Beginning with the line that contains "ご自宅で装着式人工乳房がご試着できます（有料）", retype the entries below exactly, ending with the line that contains "Human RABGAP1 Protein (Recombinant GST)". Leave out any pictures.

DATA FOR PROCESSING ▸
──────

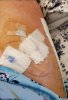 [Bonesmart.org] Lovetocookandsew’s long road to recovery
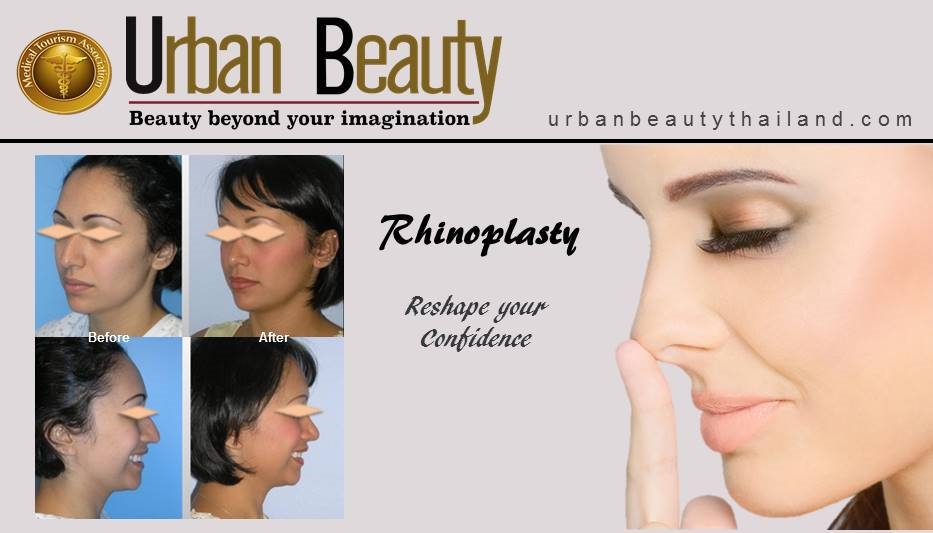 Rhinoplasty thailand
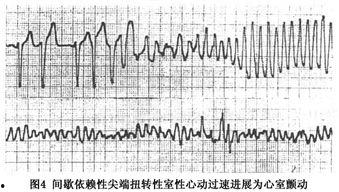 心动频率,揭秘心动频率的奥秘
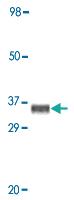 Anti-MAPK10 Mouse Monoclonal Antibody [clone: 8A5D11]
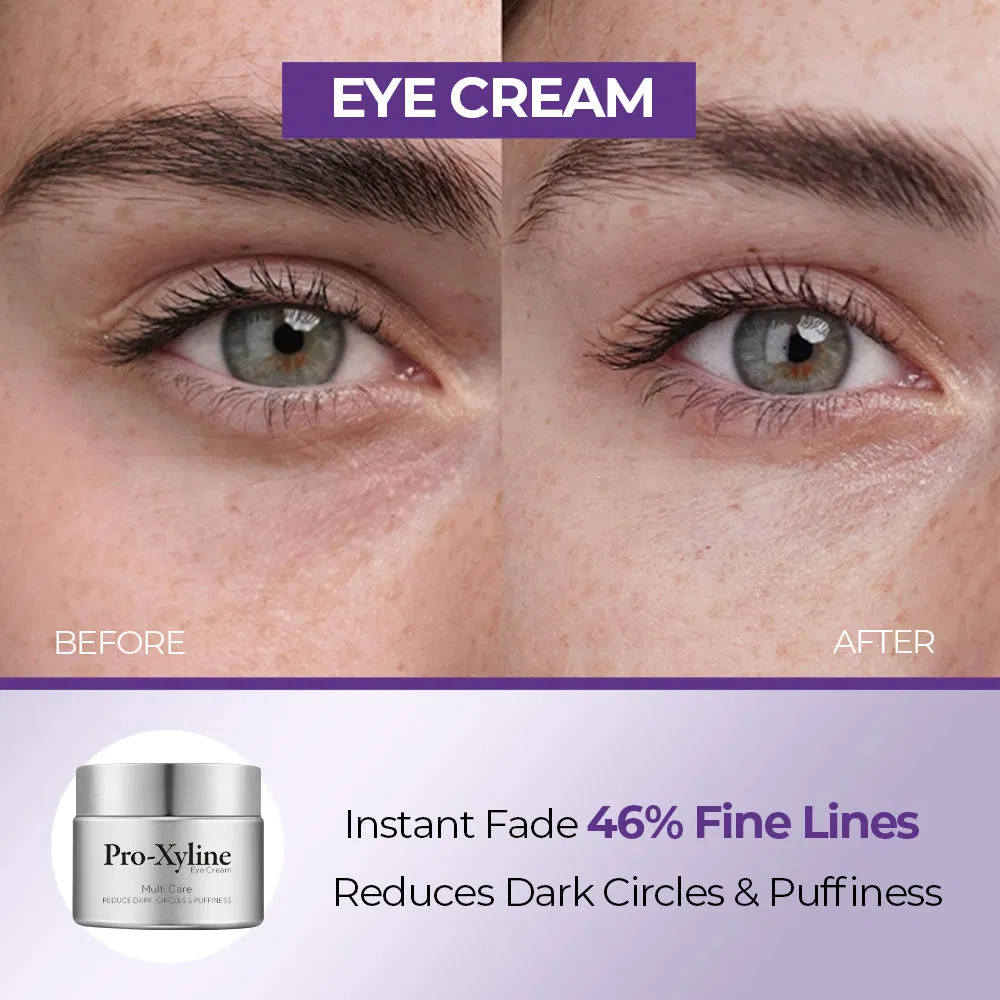 PRO Xyline Dark Circles Eye Bags Removal Lift Hydrating Under Eye Cream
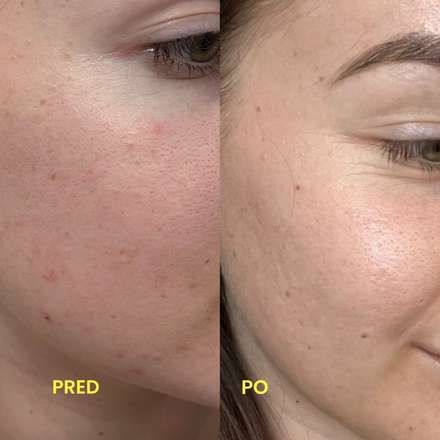 Premena zákazníčky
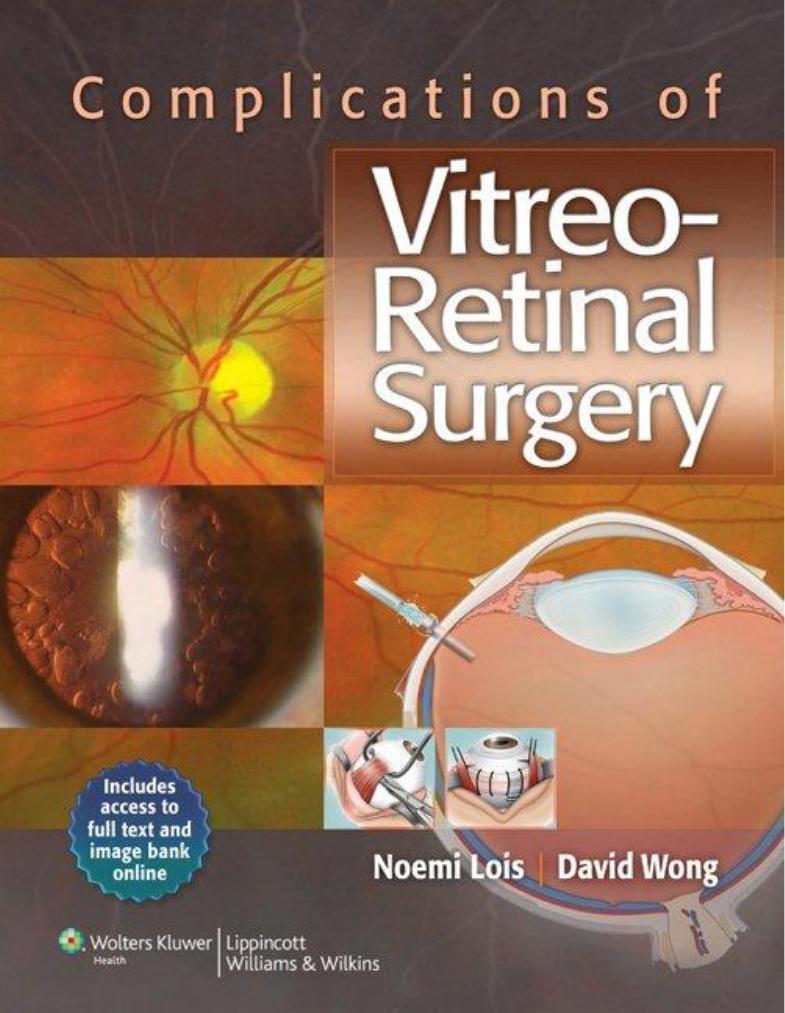 Complications of Vitreo-Retinal Surgery by Noemi Lois MD PhD FRCS(Ed) David Wong MD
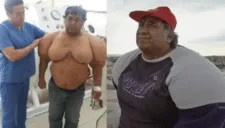 El buzo peruano "inflado" revela su DESGARRADOR accidente: 11 años con un cuerpo fuera de lo normal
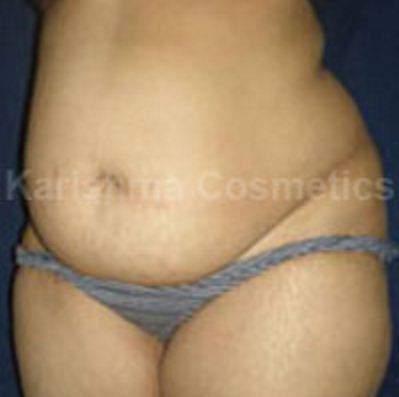 Tummy Tuck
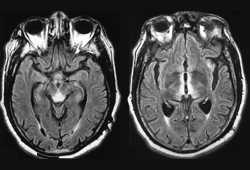 Wernicke encephalopathy images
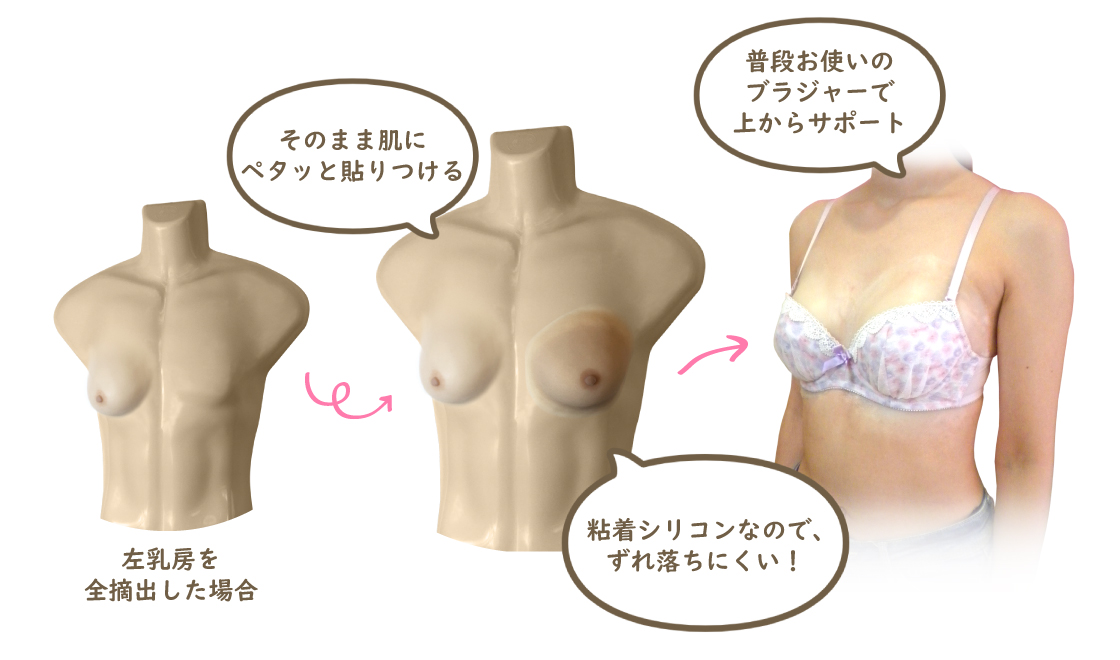 ご自宅で装着式人工乳房がご試着できます（有料）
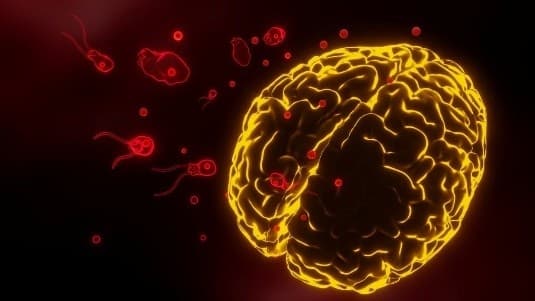 Illustration for Amoebic Meningoencephalitis Infection (Naegleria fowleri)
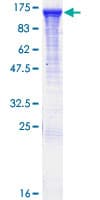 Human RABGAP1 Protein (Recombinant GST)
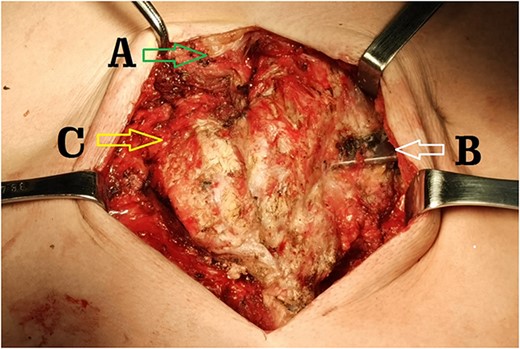 Operative field through the median incision. (A) Lower end of sternal body; (B) steel bar of the first operation and (C) end of sternum and rib arch supported by the steel bar.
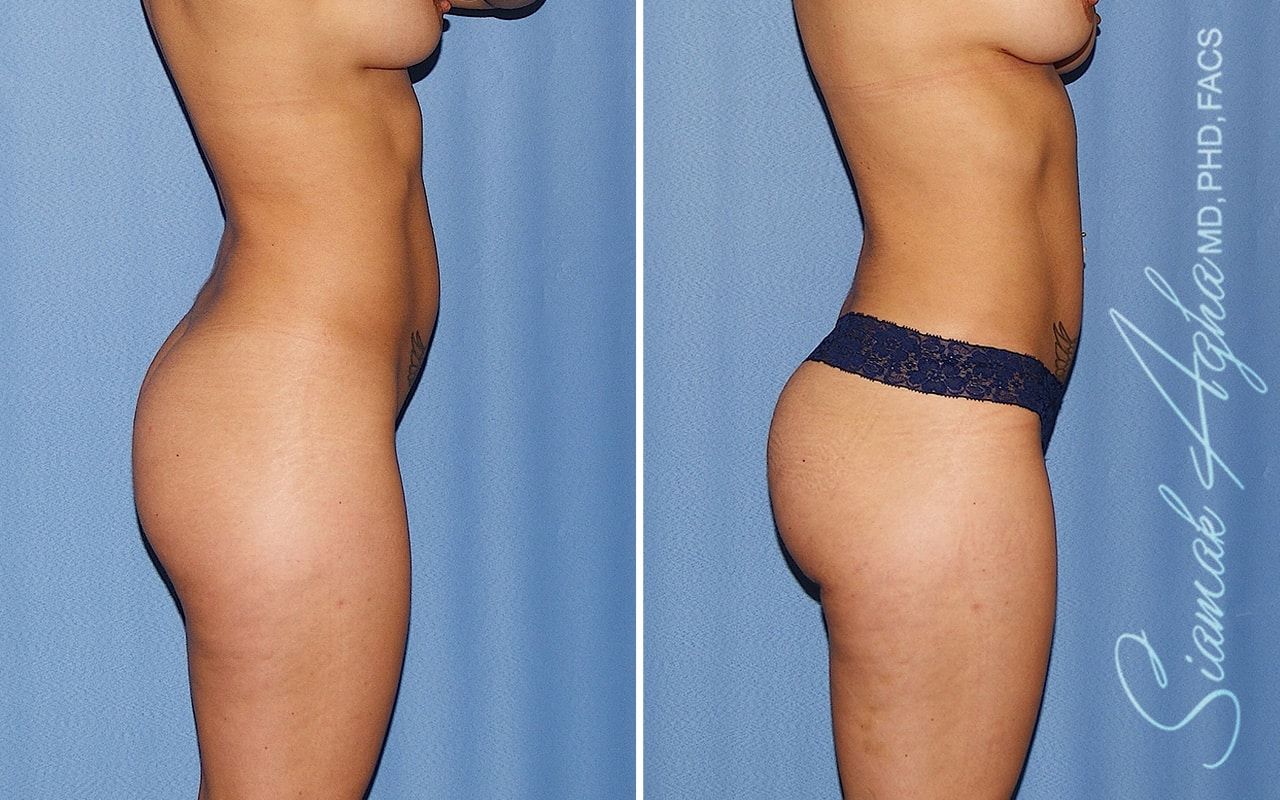 Brazilian Butt Lift Before & After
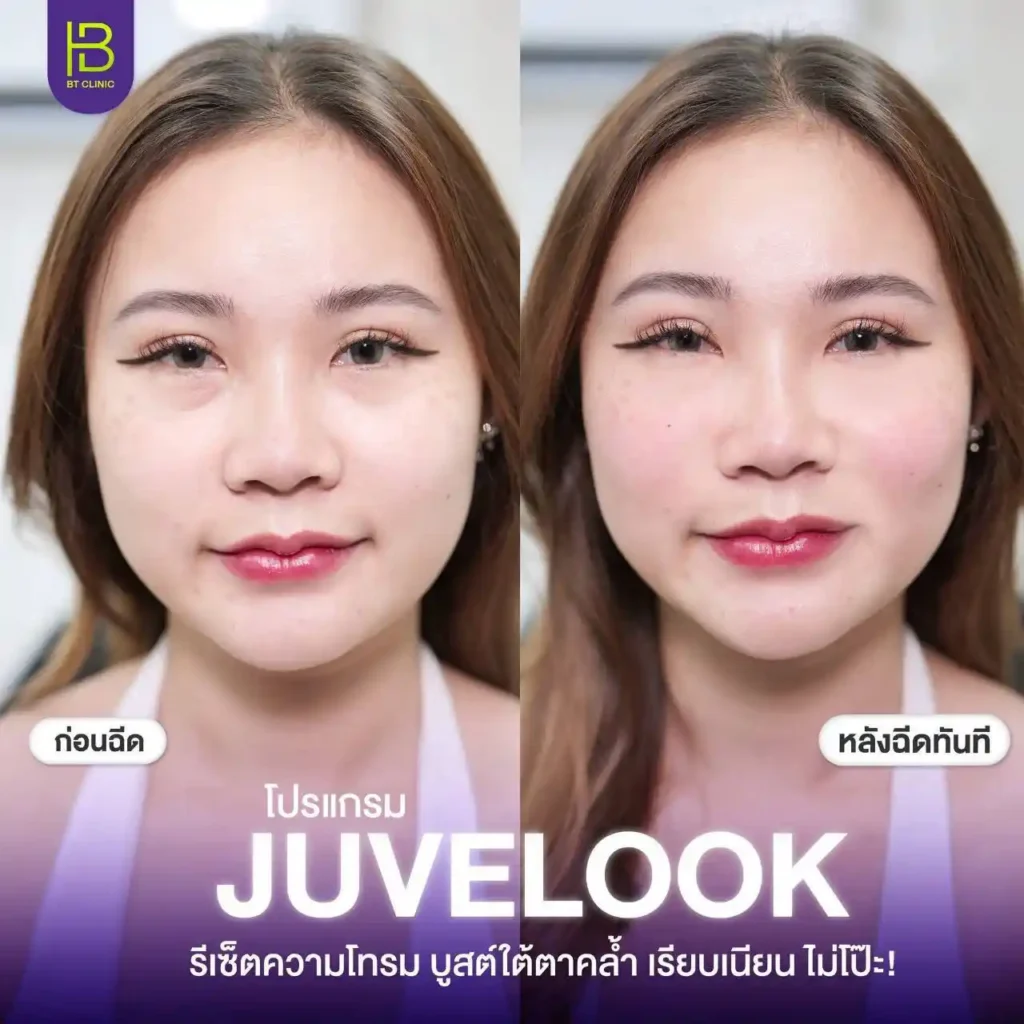 รูปรีวิว 175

──────

COMPLETED TASK ▸
 ご自宅で装着式人工乳房がご試着できます（有料）
 Illustration for Amoebic Meningoencephalitis Infection (Naegleria fowleri)
 Human RABGAP1 Protein (Recombinant GST)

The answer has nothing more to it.